İstanbul Büyükşehir Belediye (İBB) Başkanı Ekrem İmamoğlu, dün gün boyu İstanbul’da 29 Ekim Cumhuriyet Bayramı törenlerine katıldı. İBB’nin Yenikapı’daki kutlamasında, konserlerin ardından kürsüye çıktı. Demokratik Cumhuriyet’in kriz içinde olduğunu dile getirerek, güçler ayrılığı ilkesinin yok edilmesine dikkat çekti. “Şaibeli bir referandumla Türkiye’ye dayatılan bu sistem, ülkemizin o güçlü tarihsel yolculuğunda kötü bir sapma anlamına geliyor” dedi. İmamoğlu’nun, ‘Cumhurbaşkanı adaylığını ilan etti’ diye yorumlanan konuşması şöyle:
“29 Ekim’de Cumhuriyeti ilan edenlerin, çok net bir hedefi vardı. Kurucusu, bu uğurda ömrünü adamış Mustafa Kemal Atatürk’e -ki ruhu şad olsun, ona minnet duyuyoruz- o büyük lidere teşekkür ediyoruz. İşte Atatürk, o hedefi şöyle tanımlıyordu: ‘Toplumda en yüksek özgürlüğün, en yüksek eşitliğin ve adaletin sağlanması…’ Bakın, ne diyor 100 yıl önce Atatürk? Dünya bu kelimeleri daha bilmiyordu. Her birimiz gurur duymalıyız. Çünkü, Türkiye’deki cumhuriyet, demokrasiden ayrı düşünülemez. Çünkü Atatürk, onu milletiyle kurdu. Dünyanın en organik cumhuriyetidir Türkiye Cumhuriyeti. Cumhuriyet, sanıldığı gibi sadece devleti değil, aynı zamanda bizleri, aynı devlet içinde, özgür irademizle bir arada olmamızı temsil eder. Yani birlikteyiz. Devletimiz; bu birliğin kurumsal çatısını oluştururken, milletimiz de neyini oluşturur biliyor musunuz? Ruhunu oluşturur. Cumhuriyet ve demokrasi, asla ve asla güçler ayrılığı olmadan, ulusal bütünlüğü sağlayamaz. O güçler ayrılığı ne der? Yasamanın, yürütmenin ve yargının birbirinden ayrılması demokratik cumhuriyetimizin en büyük güvencesidir. Bunun da başka bir yolu yoktur. Her güç bir kişinin elinde olabilir mi? Olmaz. Olursa, halka bu güzel yansımaz.

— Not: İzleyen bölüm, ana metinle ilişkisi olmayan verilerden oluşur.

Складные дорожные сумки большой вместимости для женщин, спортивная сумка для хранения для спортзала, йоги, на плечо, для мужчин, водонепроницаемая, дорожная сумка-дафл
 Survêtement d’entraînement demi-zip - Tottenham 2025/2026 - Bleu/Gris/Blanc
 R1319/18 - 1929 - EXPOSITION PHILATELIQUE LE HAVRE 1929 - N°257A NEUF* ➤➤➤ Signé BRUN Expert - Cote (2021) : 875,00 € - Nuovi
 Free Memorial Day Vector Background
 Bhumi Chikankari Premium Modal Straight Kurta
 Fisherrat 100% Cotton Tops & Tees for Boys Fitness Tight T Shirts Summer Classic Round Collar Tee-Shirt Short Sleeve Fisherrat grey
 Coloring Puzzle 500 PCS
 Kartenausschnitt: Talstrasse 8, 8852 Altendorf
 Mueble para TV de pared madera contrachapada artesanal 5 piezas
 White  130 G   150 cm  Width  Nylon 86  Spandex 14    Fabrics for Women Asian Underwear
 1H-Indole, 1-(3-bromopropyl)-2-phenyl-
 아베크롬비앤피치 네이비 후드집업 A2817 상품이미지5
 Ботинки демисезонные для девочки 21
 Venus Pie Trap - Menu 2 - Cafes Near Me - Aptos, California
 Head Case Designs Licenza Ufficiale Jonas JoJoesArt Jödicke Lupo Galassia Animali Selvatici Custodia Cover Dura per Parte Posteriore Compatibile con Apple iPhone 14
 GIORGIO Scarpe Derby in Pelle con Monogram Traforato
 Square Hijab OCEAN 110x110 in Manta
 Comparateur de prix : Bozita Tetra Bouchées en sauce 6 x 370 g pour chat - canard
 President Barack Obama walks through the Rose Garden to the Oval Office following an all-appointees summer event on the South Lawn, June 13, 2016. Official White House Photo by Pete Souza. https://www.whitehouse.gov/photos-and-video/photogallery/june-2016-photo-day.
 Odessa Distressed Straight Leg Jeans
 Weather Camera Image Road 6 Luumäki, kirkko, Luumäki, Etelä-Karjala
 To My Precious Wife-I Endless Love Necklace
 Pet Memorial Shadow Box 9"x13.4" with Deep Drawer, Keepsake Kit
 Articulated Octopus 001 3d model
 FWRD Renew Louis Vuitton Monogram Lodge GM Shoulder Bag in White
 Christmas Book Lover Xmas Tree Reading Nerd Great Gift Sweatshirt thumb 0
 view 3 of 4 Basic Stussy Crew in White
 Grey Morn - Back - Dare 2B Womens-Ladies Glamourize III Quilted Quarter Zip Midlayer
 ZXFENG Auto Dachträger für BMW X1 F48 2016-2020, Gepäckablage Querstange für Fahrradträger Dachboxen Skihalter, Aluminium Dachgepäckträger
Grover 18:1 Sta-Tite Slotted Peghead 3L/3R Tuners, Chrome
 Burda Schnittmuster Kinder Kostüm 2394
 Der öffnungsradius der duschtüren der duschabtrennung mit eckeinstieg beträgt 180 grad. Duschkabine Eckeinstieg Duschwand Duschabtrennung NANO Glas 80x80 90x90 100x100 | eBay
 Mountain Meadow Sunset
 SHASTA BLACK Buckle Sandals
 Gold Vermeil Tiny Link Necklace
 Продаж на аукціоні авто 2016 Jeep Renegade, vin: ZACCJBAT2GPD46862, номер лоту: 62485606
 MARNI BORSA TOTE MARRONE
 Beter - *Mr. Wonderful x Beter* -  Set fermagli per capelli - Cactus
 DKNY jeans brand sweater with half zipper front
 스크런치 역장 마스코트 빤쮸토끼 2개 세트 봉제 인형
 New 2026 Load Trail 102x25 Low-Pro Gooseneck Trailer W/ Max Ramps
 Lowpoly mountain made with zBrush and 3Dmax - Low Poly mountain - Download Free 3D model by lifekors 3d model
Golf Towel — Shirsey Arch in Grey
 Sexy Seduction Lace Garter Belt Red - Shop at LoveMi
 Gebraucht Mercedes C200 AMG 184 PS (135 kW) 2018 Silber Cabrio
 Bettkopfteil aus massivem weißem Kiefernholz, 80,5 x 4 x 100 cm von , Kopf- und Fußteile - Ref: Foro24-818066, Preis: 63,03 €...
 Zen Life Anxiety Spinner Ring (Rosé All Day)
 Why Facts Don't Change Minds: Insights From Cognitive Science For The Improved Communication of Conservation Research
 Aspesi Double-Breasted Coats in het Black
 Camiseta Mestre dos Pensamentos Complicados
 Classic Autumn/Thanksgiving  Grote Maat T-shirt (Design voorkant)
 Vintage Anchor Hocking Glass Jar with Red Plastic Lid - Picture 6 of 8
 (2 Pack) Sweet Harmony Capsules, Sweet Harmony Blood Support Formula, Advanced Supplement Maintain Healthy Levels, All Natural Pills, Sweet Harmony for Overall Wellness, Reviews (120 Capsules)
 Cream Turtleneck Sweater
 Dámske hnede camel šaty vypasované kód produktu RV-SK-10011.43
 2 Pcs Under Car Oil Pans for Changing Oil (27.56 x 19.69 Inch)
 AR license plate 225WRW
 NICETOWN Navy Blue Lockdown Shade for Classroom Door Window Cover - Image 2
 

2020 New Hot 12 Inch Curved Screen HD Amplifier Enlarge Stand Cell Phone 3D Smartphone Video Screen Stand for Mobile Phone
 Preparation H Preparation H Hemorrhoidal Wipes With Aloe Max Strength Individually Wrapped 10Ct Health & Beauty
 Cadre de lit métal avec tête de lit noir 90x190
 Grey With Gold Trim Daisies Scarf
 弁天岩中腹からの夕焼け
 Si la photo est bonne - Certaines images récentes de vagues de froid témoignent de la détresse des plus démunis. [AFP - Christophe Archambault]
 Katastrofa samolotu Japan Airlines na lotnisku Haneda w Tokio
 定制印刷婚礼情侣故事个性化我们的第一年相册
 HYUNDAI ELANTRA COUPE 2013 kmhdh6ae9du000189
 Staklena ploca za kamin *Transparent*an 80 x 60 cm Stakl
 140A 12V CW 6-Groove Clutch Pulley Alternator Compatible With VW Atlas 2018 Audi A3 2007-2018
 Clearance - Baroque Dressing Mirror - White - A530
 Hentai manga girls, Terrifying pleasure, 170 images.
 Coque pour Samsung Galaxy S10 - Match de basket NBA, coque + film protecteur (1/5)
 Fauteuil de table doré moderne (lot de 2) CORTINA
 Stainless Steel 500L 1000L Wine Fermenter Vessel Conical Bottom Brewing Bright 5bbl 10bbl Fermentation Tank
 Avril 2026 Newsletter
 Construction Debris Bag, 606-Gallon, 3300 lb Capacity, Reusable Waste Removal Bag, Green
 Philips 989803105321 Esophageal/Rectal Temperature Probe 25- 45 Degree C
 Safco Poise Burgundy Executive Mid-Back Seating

‘Bize dayatılan sistem güçler ayrılığını reddediyor’
Cumhuriyetin 101. yılını idrak ettiğimiz bugün, ülkemiz büyük bir sınavdan, ağır bir sınavdan geçiyor. Demokratik cumhuriyetimiz, ne yazık ki kriz içinde. Özellikle bunun nedeni, yaklaşık 8 senedir, 2016’dan bu yana, Türkiye’nin tarihine ve demokrasi tecrübesine asla uymayan, tepeden inme bir rejimle karşı karşıya olmamızdır. Şaibeli bir referandumla Türkiye’ye dayatılan bu sistem, ülkemizin o güçlü tarihsel yolculuğunda kötü bir sapma anlamına geliyor. İşte bize dayatılan bu sistem, en önemli değerimiz olan güçler ayrılığını kaldırıyor, reddediyor. Parlamentoyu, milletin meclisini küçümsüyor. Milletin iradesini göz ardı ediyor. Adalet kurumlarını, siyasetin aracına dönüştürüyor. Ve özellikle sevgili gençler, bu sizi ilgilendiriyor. Cumhuriyetin temeli olan liyakat ilkesini, kökünden ortadan kaldırıyor. Halbuki benim her genç evladım, ‘Ben çalışırsam, hakkımı alırım’ diyebilmeli bu memlekette. ‘Ben çaba gösterirsem, hakkımı alırım. Çok çalışırsam, bu ülkenin her kademesine gelirim’ diyebilmeli Birilerinin eşi, dostu, akrabası olmaya gerek yok. ‘Cumhuriyet, benim hakkımı verir’ diyebilmeli. Ama bunu ortadan kaldırdılar. Geri getireceğiz. Liyakati geri getireceğiz. Milletin evlatlarının hakkını geri getireceğiz.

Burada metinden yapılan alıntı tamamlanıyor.